Csongor Kiss bio photo

Csongor Kiss

I write here once every 2 years

Twitter Google+ LinkedIn Github Youtube

Overview

One of the classic examples that keeps coming up when talking about dependently typed programming languages is the “safe” printf function – one that ensures that the number and type of arguments match the requirement in the format specification.

In languages like Idris, this is just a function that takes a format string, and returns the type of arguments required for constructing the formatted output string.

  format "A number: %d, and a string: %s" : Int -> String -> String

Other languages, like rust, solve this by various means of metaprogramming: writing a program (macro) that runs at compile-time, generating the program to be executed at runtime.

What these two approaches have in common is that they both operate on strings that are statically available to the compiler. The aim of this post is to show another way of achieving the same result, with tools that are available in PureScript – a strongly-typed functional language, with no dependent types.

The problem

We want to write a program that takes a format string, some number of arguments, and returns the result of inserting the arguments at their specified places in the format string, and does all this in a type-safe way.

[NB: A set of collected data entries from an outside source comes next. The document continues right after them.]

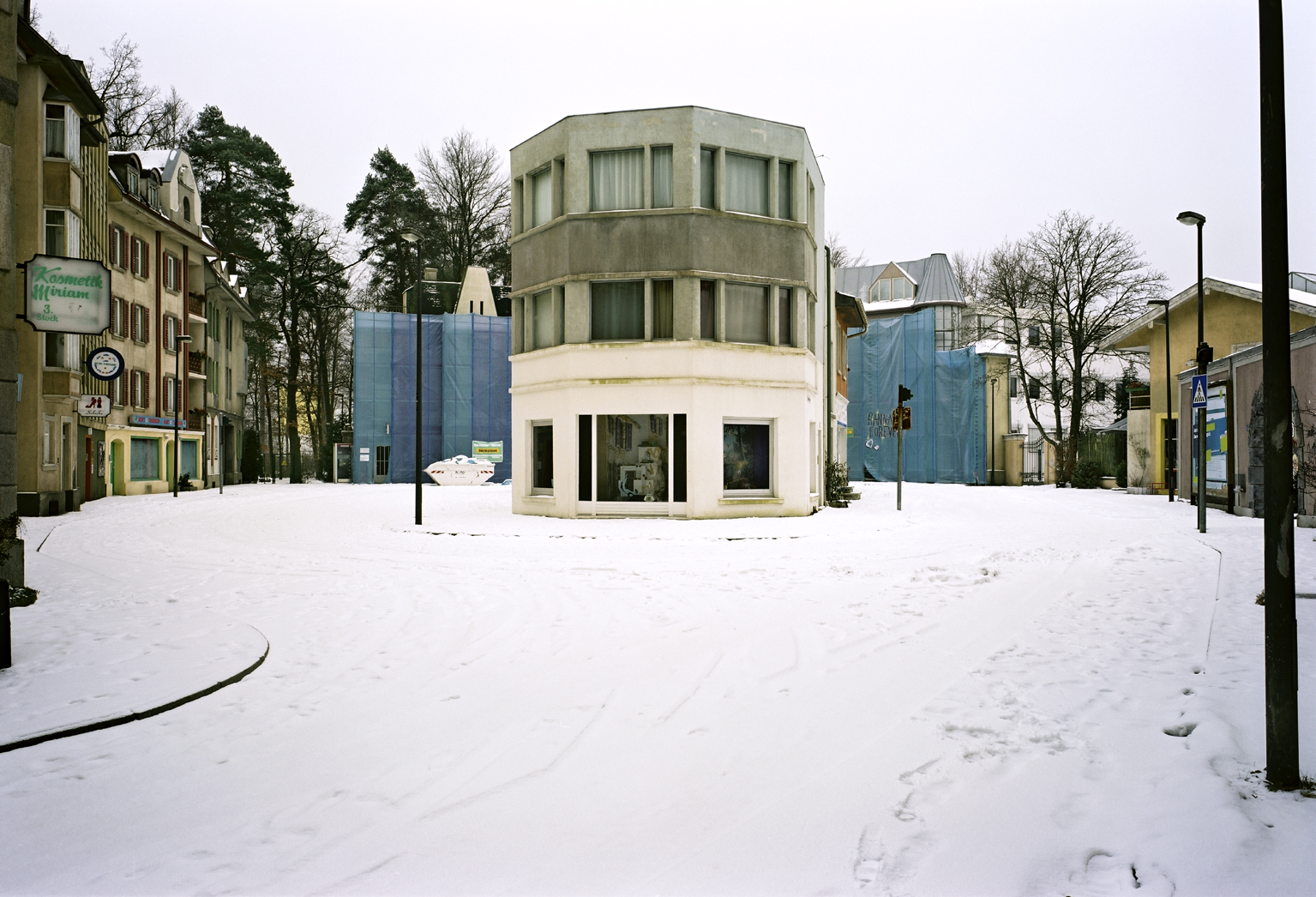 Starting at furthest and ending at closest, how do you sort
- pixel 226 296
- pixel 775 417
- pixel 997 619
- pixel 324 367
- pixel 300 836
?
pixel 324 367 → pixel 226 296 → pixel 775 417 → pixel 997 619 → pixel 300 836

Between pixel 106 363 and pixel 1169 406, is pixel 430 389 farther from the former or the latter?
pixel 1169 406

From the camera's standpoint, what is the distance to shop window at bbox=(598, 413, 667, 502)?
21172mm

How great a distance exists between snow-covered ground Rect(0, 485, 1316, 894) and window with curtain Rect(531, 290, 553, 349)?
12.5 m

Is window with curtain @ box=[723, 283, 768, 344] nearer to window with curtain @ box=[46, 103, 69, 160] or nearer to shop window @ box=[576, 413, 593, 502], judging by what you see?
shop window @ box=[576, 413, 593, 502]

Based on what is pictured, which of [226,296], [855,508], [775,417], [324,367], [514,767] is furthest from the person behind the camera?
[324,367]

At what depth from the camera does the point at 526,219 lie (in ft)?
76.2

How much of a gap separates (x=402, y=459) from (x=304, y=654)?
138ft

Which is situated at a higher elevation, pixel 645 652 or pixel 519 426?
pixel 519 426

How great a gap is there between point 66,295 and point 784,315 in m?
15.7

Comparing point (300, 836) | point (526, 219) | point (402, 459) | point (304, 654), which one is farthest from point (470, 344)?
point (300, 836)

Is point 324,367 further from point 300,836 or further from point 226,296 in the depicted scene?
point 300,836

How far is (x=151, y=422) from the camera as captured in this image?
3684 cm

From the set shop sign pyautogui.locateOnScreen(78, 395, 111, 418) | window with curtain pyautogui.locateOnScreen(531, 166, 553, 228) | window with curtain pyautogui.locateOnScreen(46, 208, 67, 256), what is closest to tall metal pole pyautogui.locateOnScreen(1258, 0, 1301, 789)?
window with curtain pyautogui.locateOnScreen(531, 166, 553, 228)

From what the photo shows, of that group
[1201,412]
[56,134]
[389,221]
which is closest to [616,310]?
[1201,412] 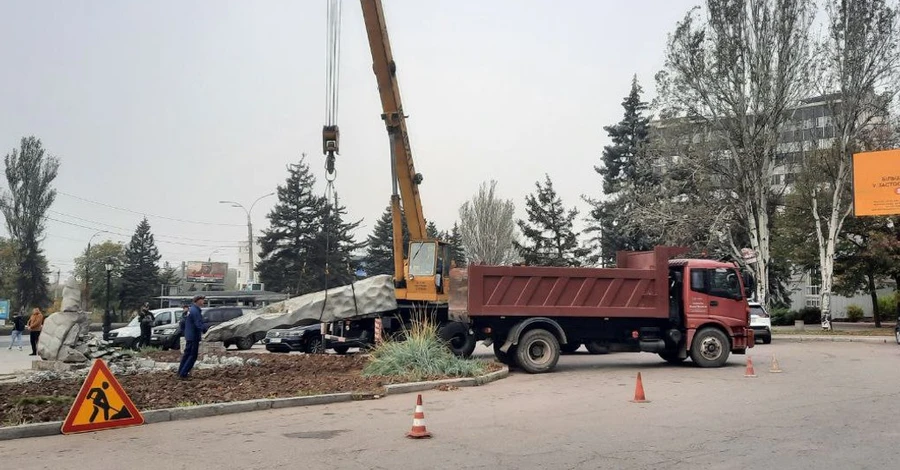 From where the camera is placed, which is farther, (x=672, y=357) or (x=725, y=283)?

> :t format @"Wurble %d %d %s"
Int -> Int -> String -> String
> format @"Wurble %d %d %s" 10 20 "foo"
"Wurble 10 20 foo"
> format @"Wurble %d %d %s" 10 20 30
Error found:

  Could not match type

    String

  with type

    Int

while trying to match type Function String
  with type Function Int

The @ symbol before the string is the proxy syntax introduced in 0.12 which provides a concise way of passing types around. The format strings are actually type-level literals – but more on this later.

Crucially, we need to compute a type from some input, but because PureScript has no dependent types, values and functions in the traditional sense are not available for evaluation at compile-time. However, there is a way to interact with the compiler: via the type-checker.

The solution therefore is to encode this computation in the types, and have the type-checker evaluate it for us as part of type-checking. Luckily, PureScript allows string literals in types (these are types whose kind is Symbol).

Thus, constructing our printf function comprises two steps:

  • parse the input Symbol into a list of format tokens
  • generate the function from the format list that will then assemble the output string

Type-level parsing

For the sake of simplicity, we’re going to focus on two types of format specifiers: decimals (%d) and strings (%s).

We represent these cases with a custom kind, which is like a regular algebraic datatype, but lifted to the type-level. This means that these constructors can be used in types.

foreign import kind Specifier

foreign import data D   :: Specifier
foreign import data S   :: Specifier
foreign import data Lit :: Symbol -> Specifier

Of course, apart from the format specifiers %d and %s, everything else is a literal, which we account for by wrapping them in the Lit type constructor.

The foreign import bit means that we’re introducing types here that have no constructors. That is to say, it’s impossible to construct a value of type D and S. We’ll see later how it is still possible to carry these types around in terms (hint: proxies).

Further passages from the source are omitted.